Ella asintió con la cabeza sin dejar de sonreír, respetando mis silencios; adiviné sus adorables ojos verdes, escondidos bajo las enormes gafas oscuras; su melena, sutilmente recogida con un pañuelo que recordaba el estilo de pasadas décadas desafiaba el viento de aquel estepario paisaje, mientras su boca me inspiraba locos pensamientos de adolescente insensatez.

Después de una media hora de viaje la aridez que nos rodeaba fue tornando en un colorido tapiz; las cercanas aguas del Cinca habían resultado estériles para la comarca hasta que el regadío hizo su tímida aparición, aportando alegría y verdor a unas tierras que en otras regiones resultan fértiles y húmedas por naturaleza. Qué poco se sabe de esta tierra mía desértica y cada vez más despoblada. Aragón, a pesar de su caudaloso río Ebro, forma parte con honores de la España seca. Yo mismo había olvidado esta tierra de contrastes donde la supervivencia se me antojaba todo un arte en manos tan sólo de unos pocos elegidos. De este arte me hablaban los abuelos de Albalatillo, las lagunas y charcas que nos habían salido al encuentro en nuestro camino, los yesos que no permiten el desarrollo de una vegetación más voluminosa y las torres medio derruidas que avistábamos al fondo del paisaje, mientras dejábamos atrás los pequeños pueblos que saludaban nuestro paso. Un arte que yo había olvidado por completo en Madrid.

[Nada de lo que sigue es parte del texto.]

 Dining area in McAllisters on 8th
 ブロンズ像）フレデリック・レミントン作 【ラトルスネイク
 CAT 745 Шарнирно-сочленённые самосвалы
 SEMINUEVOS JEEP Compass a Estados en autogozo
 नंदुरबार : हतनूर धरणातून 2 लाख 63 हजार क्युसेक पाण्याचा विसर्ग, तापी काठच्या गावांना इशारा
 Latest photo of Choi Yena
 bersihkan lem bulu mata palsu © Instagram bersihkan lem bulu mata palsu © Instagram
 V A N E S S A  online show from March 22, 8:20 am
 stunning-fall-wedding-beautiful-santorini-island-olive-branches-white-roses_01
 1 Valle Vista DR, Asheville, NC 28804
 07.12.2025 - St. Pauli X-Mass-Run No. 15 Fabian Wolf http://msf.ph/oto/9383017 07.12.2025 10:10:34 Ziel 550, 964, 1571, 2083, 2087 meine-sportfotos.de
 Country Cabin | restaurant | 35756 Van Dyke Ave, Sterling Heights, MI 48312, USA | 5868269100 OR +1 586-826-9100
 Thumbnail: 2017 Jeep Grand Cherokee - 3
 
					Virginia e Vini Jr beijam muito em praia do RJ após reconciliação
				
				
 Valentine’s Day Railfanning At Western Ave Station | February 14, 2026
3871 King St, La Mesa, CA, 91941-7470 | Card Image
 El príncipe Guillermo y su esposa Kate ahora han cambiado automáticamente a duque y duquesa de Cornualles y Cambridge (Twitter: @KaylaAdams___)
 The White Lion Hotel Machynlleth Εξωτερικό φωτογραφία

— ¿Cómo llevas los ríos, primo? —Ahora Paloma sonreía con sorna.

—No te lo vas a creer, seguía cavilando sobre ellos.

Lo que significa que soy un completo imbécil, pensé. Inicié rápidamente una fatua conversación sobre su coche, un espléndido BMW Cabriolet de color azul.

—Sólo tiene una pega, bromeé, no hace juego con el color de tus ojos.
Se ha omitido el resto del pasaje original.